The Substitution Technique

(Ema_0, Unmasking/Decryption) – The replacement technique does exactly the opposite of the substitution technique. The substitution algorithm reads the contents of the key sequentially, performs XOR (^) with the contents of the block and overwrites it. This restores the values of the original data source.

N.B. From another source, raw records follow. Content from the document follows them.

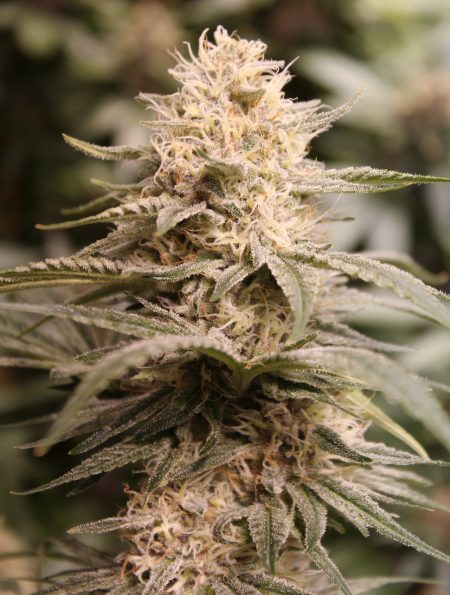 Monster Zkittles Indica Hybrid Cannabis Flower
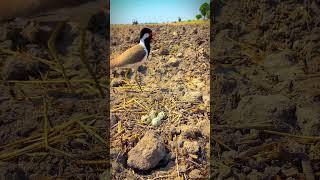 let see the #ploverRed-Wattled #lapwing making sound #relaxing #birdsound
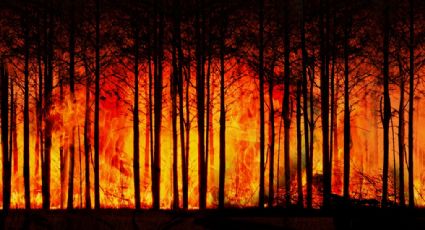 Incendios forestales en Rusia afectan a más de 4 millones de hectáreas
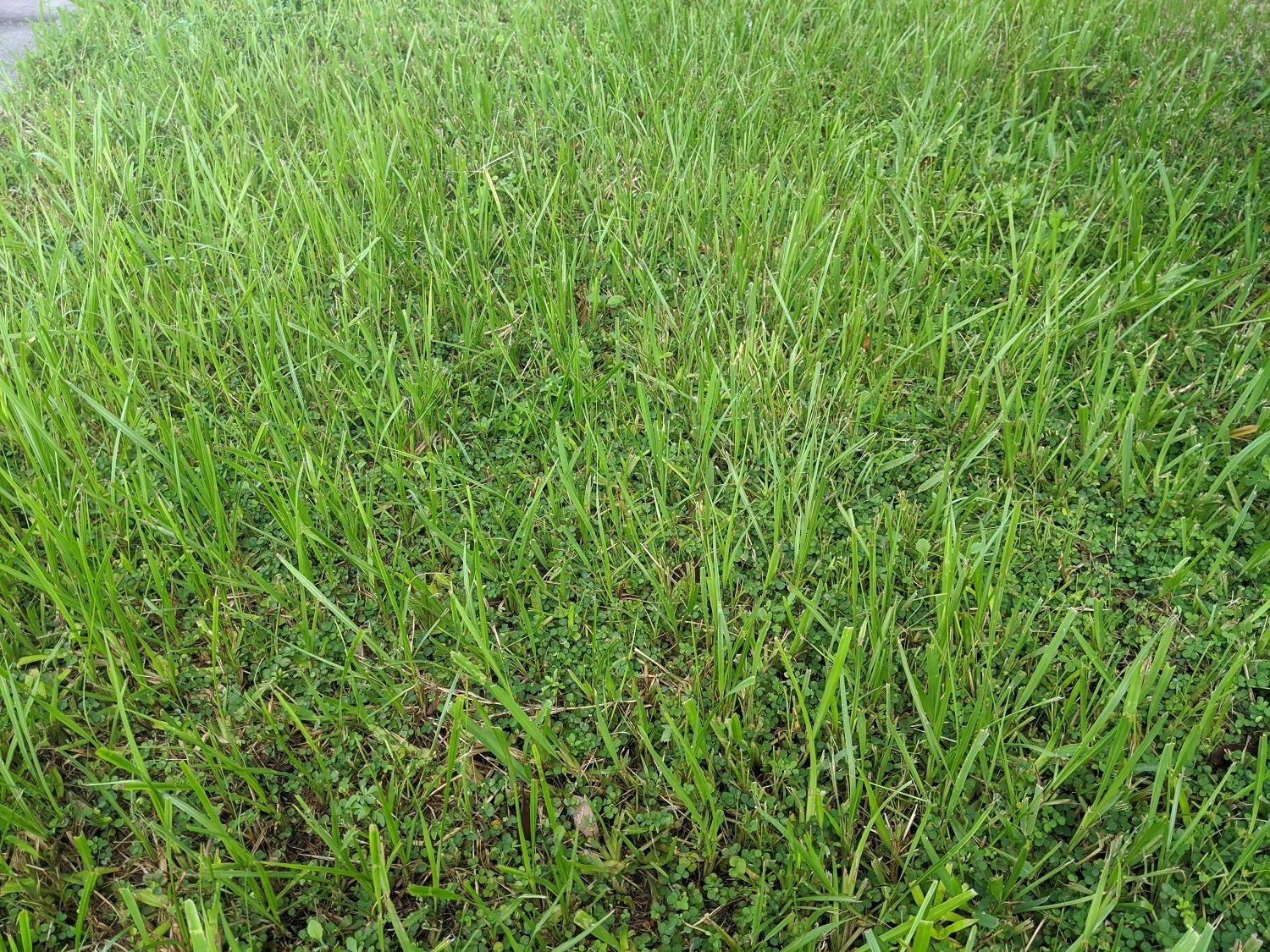 bahia grass sod closeup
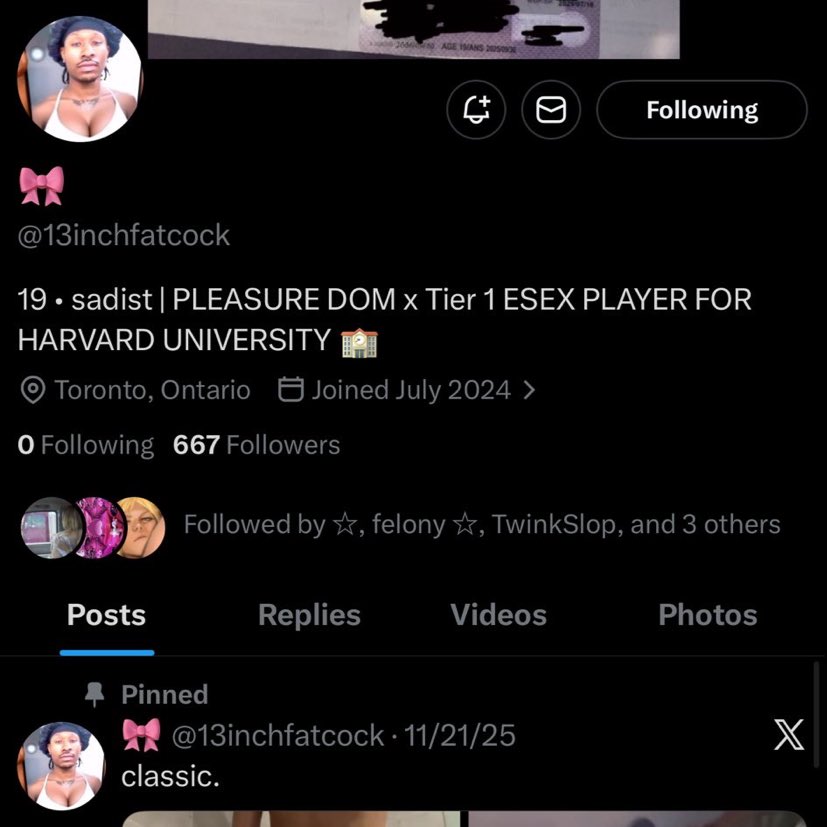 aria 𝜗𝜚˚⋆⋆ tweet media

If both techniques were performed in the masking stage and the replacing technique was performed first, the substitution must be performed last in the unmasking stage.

Below is the substitution technique (unmasking) applied to the previous replacement (masking) example.

KEY & DATA INDEX	KEY VALUES	DATA BEFORE SUBSTITUTION	SUBSTITUTION (MASKING)																DATA RESULT
000	033	@	a																a
001	048	R		b															b
002	043	H			c														c
003	045	I				d													d
004	044	I					e												e
005	037	C						f											f
006	046	I							g										g
007	040	@								h									h
008	041	@									i								i
009	042	@										j							j
010	036	O											k						k
011	034	N												l					l
012	038	K													m				m
013	039	I														n			n
014	035	L															o		o
015	047	_																p	p
			000	001	002	003	004	005	006	007	008	009	010	011	012	013	014	015

Example of substitution at the unmasking/decryption stage

ASCII decimal unsigned values:
@=64, R=82, H=72, I=73, I=73, C=67, I=73, @=64, @=64, @=64, O=79, N=78, K=75, I=73, L=76, _=95

The four first replacement:
1. @=64; key(0)=33; 64^33=97, a → data(0)
2. R=82; key(1)=48; 82^48=98, b → data(1)
3. H=72; key(2)=43; 72^43=99, c → data(2)
4. I=73; key(3)=45; 73^45=100, d → data(3)
and so on.

With the substitution technique we get the source string [a, b, c, d, e, f, g, h, i, j, k, l, m, n, o, p] as output.